#### TASK ITEM
Of all the lines below, output only those starting at the one with "10.07.2024 WARSZAWA <br />" and ending at the one with "FOT. MARCIN BANASZKIEWICZ/FOTONEWS", both ends included, exactly as written.

#### MATERIAL SHOWN
----
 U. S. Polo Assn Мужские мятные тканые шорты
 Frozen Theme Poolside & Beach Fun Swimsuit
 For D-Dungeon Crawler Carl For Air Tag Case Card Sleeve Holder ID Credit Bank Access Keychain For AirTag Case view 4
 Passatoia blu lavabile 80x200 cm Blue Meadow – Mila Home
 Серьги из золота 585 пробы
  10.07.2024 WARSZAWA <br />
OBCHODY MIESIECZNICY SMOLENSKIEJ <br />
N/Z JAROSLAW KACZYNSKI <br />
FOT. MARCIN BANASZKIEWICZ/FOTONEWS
----
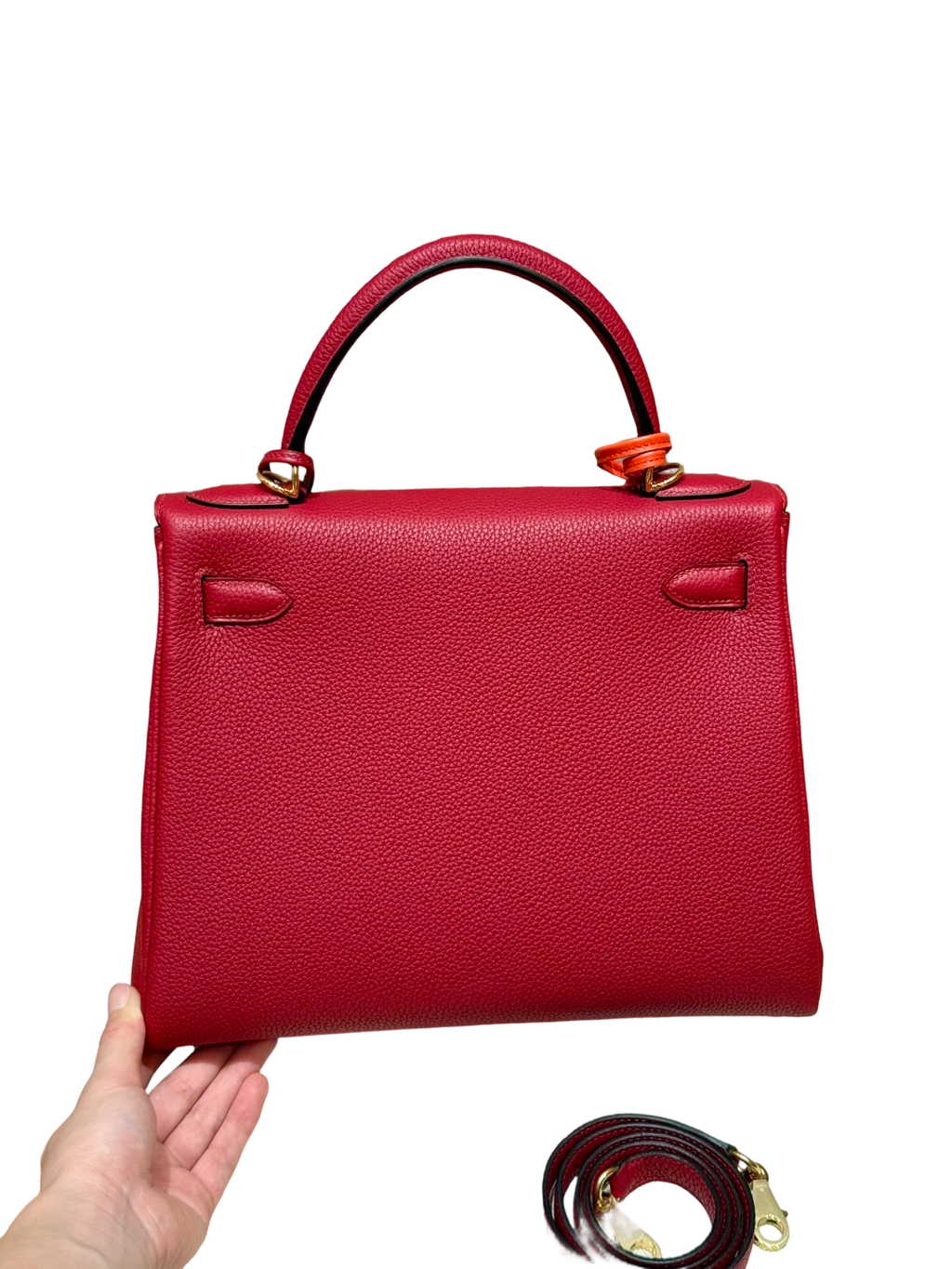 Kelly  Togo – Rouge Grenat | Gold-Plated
----
#### RESULT OF THIS EXERCISE
  10.07.2024 WARSZAWA <br />
OBCHODY MIESIECZNICY SMOLENSKIEJ <br />
N/Z JAROSLAW KACZYNSKI <br />
FOT. MARCIN BANASZKIEWICZ/FOTONEWS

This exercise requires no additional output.